Records shown:
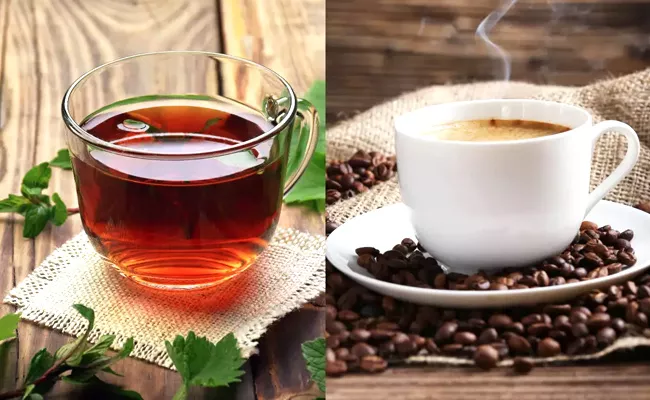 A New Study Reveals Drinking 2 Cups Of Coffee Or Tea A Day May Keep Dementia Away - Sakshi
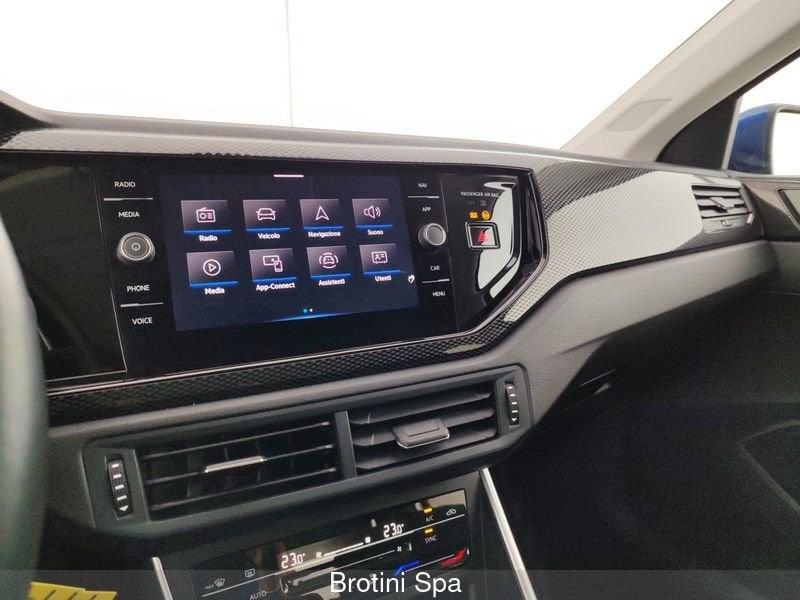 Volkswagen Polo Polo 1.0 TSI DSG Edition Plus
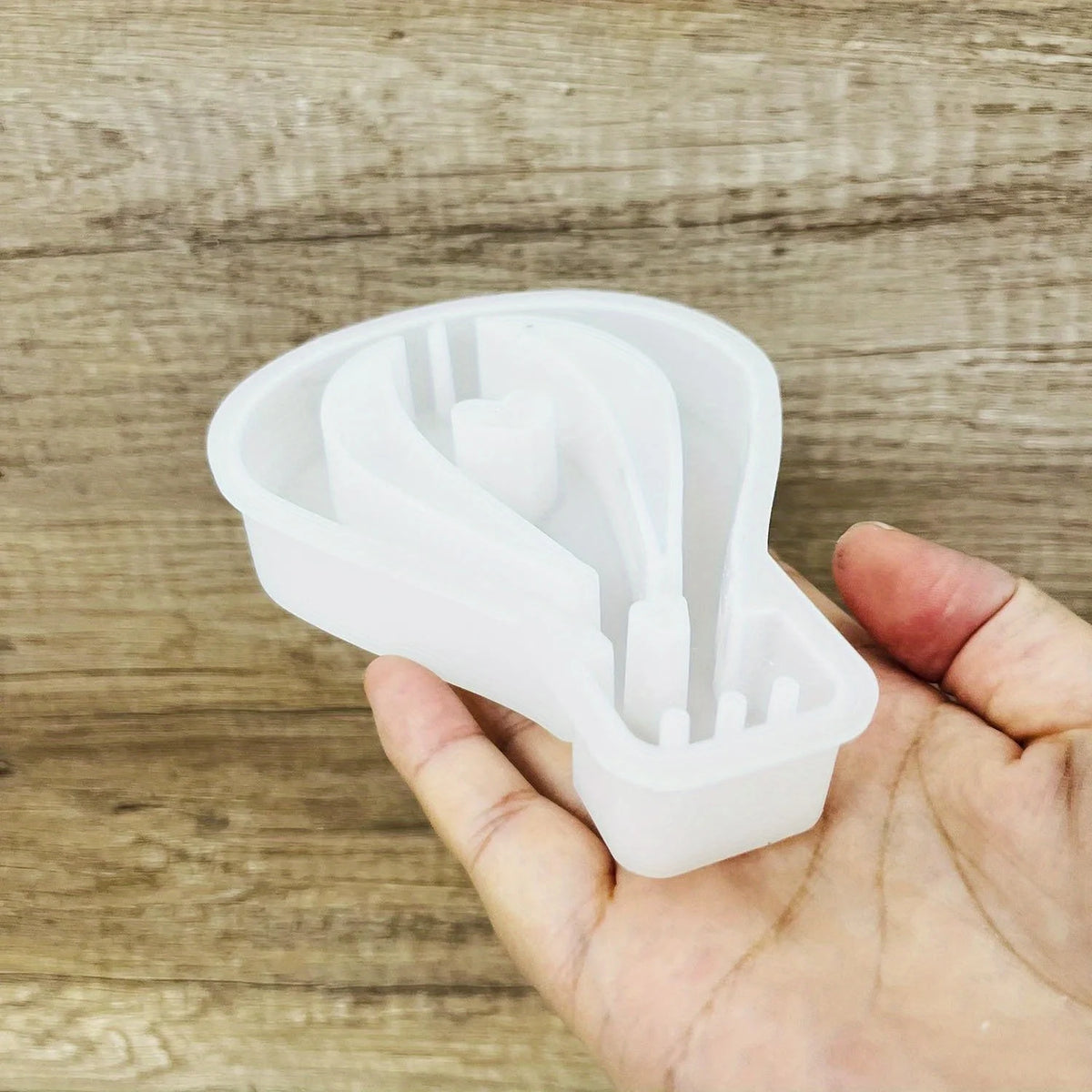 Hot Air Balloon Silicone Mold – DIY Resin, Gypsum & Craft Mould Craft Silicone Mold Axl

==

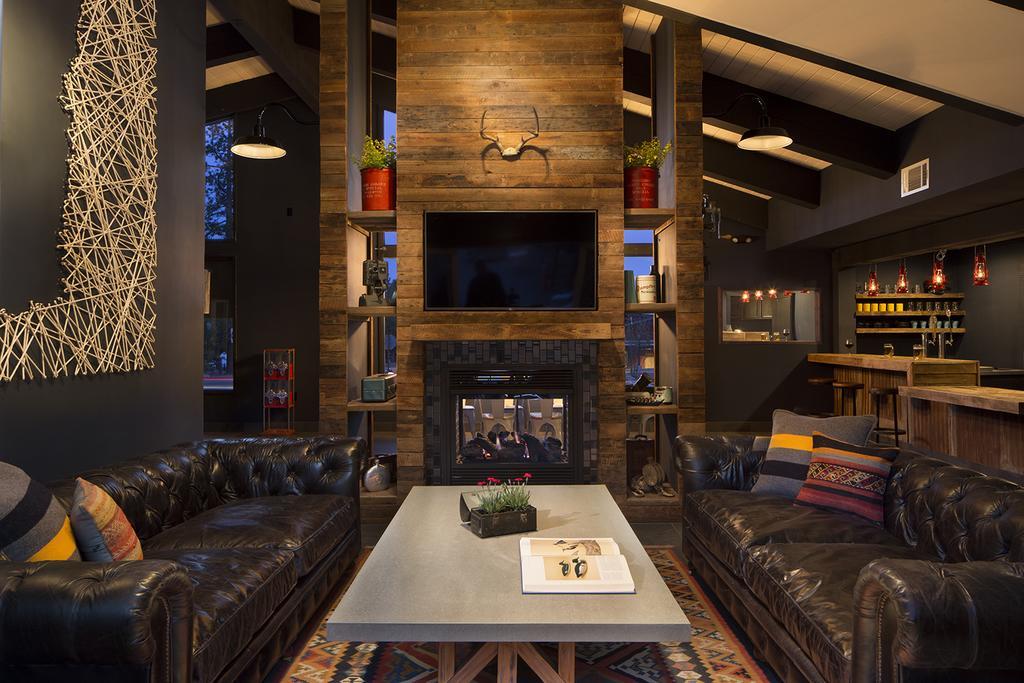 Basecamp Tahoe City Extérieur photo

...

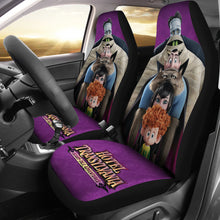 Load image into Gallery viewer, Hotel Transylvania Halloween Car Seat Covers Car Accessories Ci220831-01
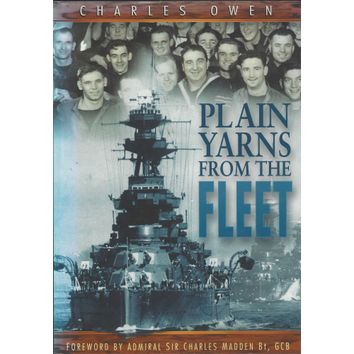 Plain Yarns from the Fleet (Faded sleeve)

Task objective:
I would like the exact lines from the data above, starting with the one that holds "A New Study" and going on through the one that holds "Hot Air Balloon", without the pictures.

Response below:
 A New Study Reveals Drinking 2 Cups Of Coffee Or Tea A Day May Keep Dementia Away - Sakshi
 Volkswagen Polo Polo 1.0 TSI DSG Edition Plus
 Hot Air Balloon Silicone Mold – DIY Resin, Gypsum & Craft Mould Craft Silicone Mold Axl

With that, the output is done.